The agreement allowed the congregation to use the house for worship upon restoring its neighborhood character, including double-pane windows, fencing, landscaping, no signs, and limits on the size of gatherings. The settlement prohibits weddings, receptions, banquets, funerals, fundraising and daycare activities.
Then the congregation applied for a city building permit to expand the house from 3,400 square feet to 8,150 square feet. The city building department spent three months reviewing the permit application. The city attorney also reviewed the plans. After the congregation agreed to several changes, the city building permit was issued.
The congregation immediately began work, tearing down all the house walls except two. A week later, after neighbors complained, the city issued a stop-work notice. The city said the building permit was issued “in error or in violation of other provisions of the code and conditions are such that the action should not have been allowed.”

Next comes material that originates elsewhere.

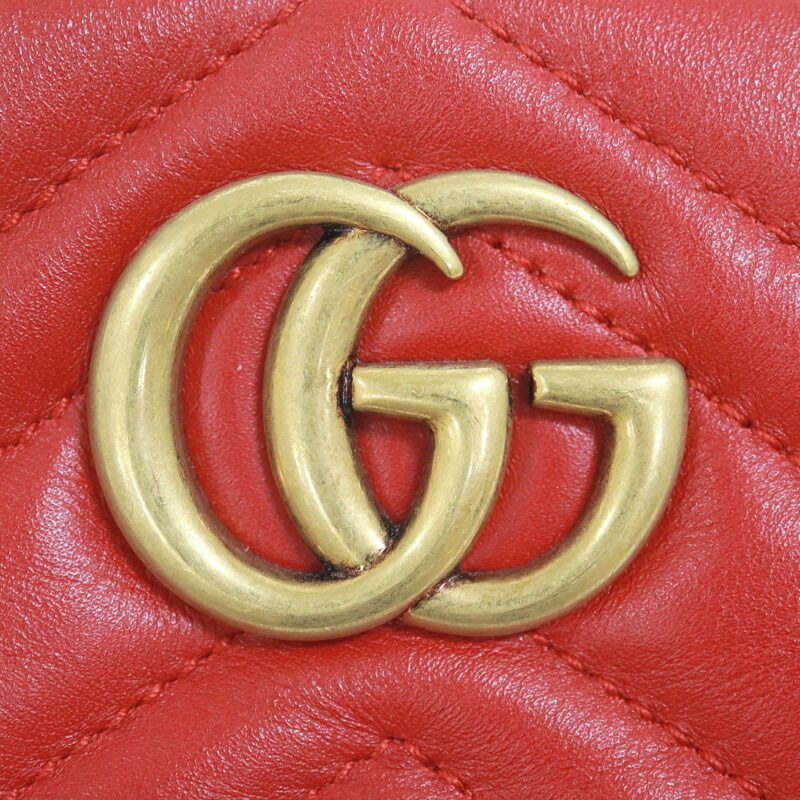 Gucci Waist Bag GG Marmont Red Vinte Gigold Leather — view 7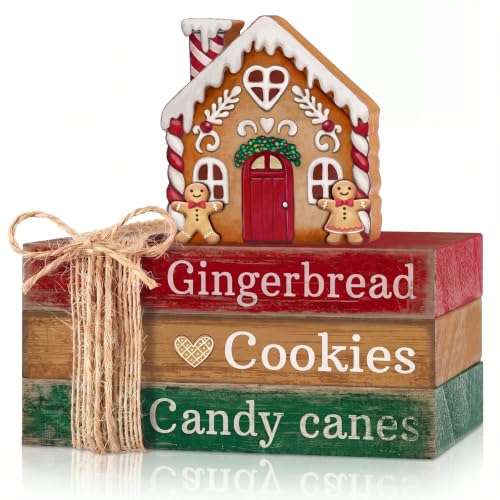 4 Pcs Christmas Tiered Tray Decor Gingerbread House Book Signs - style: Gingerbread House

Then the congregation sued the city to enforce its settlement agreement and to lift the stop-work order.
If you were the judge would you order the city stop-work order lifted?
The judge said yes!
After a long history of litigation in this case, the judge began, the congregation and the city signed a settlement agreement allowing renovation of the house for worship services, but with many conditions attached.
The congregation then applied for a building permit, which, after three months of review by the city building department and the city attorney, was issued, the judge reported.
When the congregation began work under its building permit, complaints from neighbors caused the city to issue a stop-work order, the judge explained. But there is no evidence the congregation violated the terms of the settlement agreement or the building permit, he continued.
“A developer’s right to develop property pursuant to its proposed plans vests when: (1) a valid building permit issues and (2) the developer performs substantial work and incurs substantial liabilities in good faith reliance on the permit,” the judge emphasized.
The application for the city building permit clearly indicated the size of the congregation’s new building, the settlement agreement, and it was submitted to both the building department and the city attorney’s office, he explained.
A city can be equitably stopped from revoking a building permit after the property owner in good faith relies on that government act and proceeds to develop the property according to the approved plans, the judge ruled. Therefore, the city must lift its stop-work order and allow the congregation to proceed with construction according to its approved plans, the judge concluded.
Based on the 2004 U.S. Court of Appeals decision in Congregation Etz Chaim v. City of Los Angeles, 371 Fed.3d 1122.